ABOUT THE CHOIR
Founded in 1979 by its Conductor, Peter Seymour, Yorkshire Bach Choir has been regarded for over 30 years as one of the UK’s leading chamber choirs, specialising in performing renaissance, baroque and classical music. The mainstay of the choir’s performance is its annual series of six concerts. In addition the choir regularly performs elsewhere in the UK and abroad participating in a variety of festivals, and has featured on both radio and television. The choir has made recordings of works ranging in period from the Spanish Renaissance of Victoria right through to the classical period, represented by Mozart’s Requiem. These and its other recordings are an enduring benchmark of its achievement.
The choir quickly gained a national reputation for the very high quality of its work. It is the only choir in the North that regularly performs newly edited and rediscovered masterpieces of earlier centuries, and its contribution to the musical life of York has been widely recognised and praised by both critics and a loyal and appreciative audience from Yorkshire, and throughout the UK and overseas. The choir performs both unaccompanied and regularly with leading players of period instruments who form the Yorkshire Baroque Soloists.
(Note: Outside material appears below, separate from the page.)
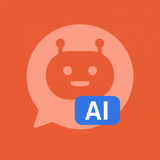 Amaya Chatbot AI | GPT PRO for WooCommerce logo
The choir also works with internationally renowned singers, many of whom appear regularly in its York concert seasons.
Although much of Yorkshire Bach Choir’s work focuses on music of the 17th and 18th centuries, its repertoire extends backwards to 16th century polyphony and forwards to newly commissioned works such as those by Christopher Fox and John Paynter. Much of the repertoire is specially edited for the choir, and it has given the first modern performances of many valuable early choral works.
Yorkshire Bach Choir is committed to developing a performing style that seeks to recreate that in use at the time of composition but which is relevant to and appropriate for a modern audience. This includes experiments in authentic pronunciation, including church music sung in Latin with the pronunciation appropriate to the place where it was written. Recent concerts have seen the choir use, for example, Spanish, Mexican, German and Tudor English pronunciation of the Latin text. Among the music that has been specially edited for Yorkshire Bach Choir is Duncan Druce’s completion of Mozart’s Requiem, which was commissioned by the choir for performance at the 1984 York Festival and was subsequently recorded by the choir for WDR and released on commercial CD.